[Start of section]

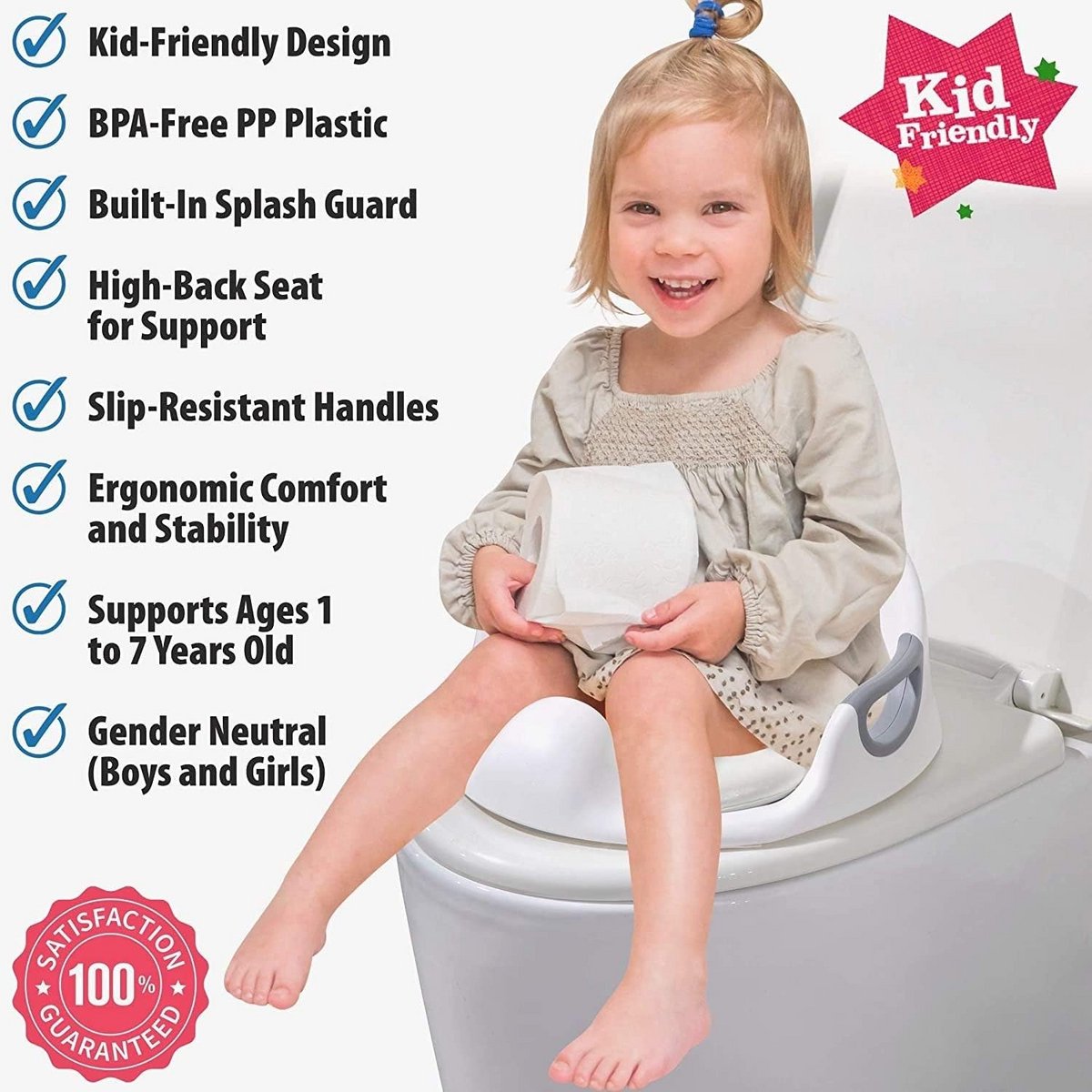 Zindelijkheidstrainingszitje - Peuter Toiletbril - Zelfstandig Zindelijk Maken - Met Rugleuning - Universeel - Wit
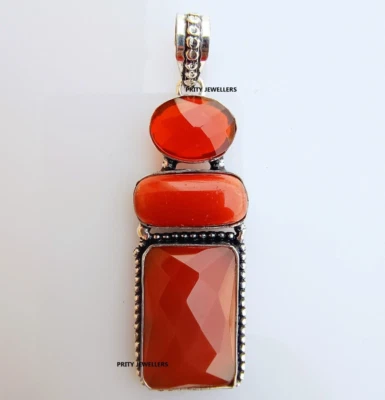 Red Onyx Coral Garnet 925 Sterling Silver Large Handmade Pendent Necklace - Image 1 of 4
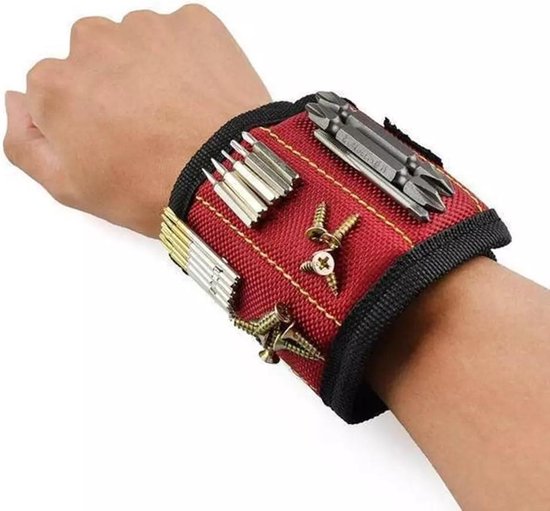 LOUZIR Bracelet magnétique portable - Sac à outils - Porte-foret - Ceinture à outils poignet ROUGE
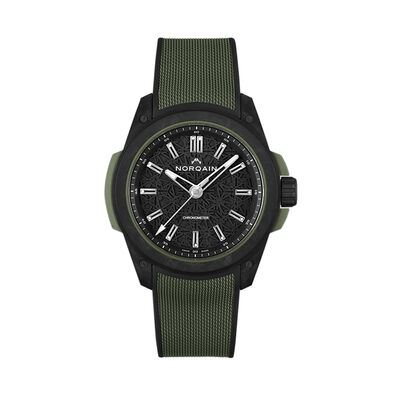 Norqain Independence Wild One Watch Black Dial Green Rubber Mesh Strap, 42mm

[End of section]

[Brief] Pictures must be left out. Return verbatim only the lines from the line with "LOUZIR Bracelet magnétique" through the final line of the material above, including both ends.

[Written reply]
 LOUZIR Bracelet magnétique portable - Sac à outils - Porte-foret - Ceinture à outils poignet ROUGE
 Norqain Independence Wild One Watch Black Dial Green Rubber Mesh Strap, 42mm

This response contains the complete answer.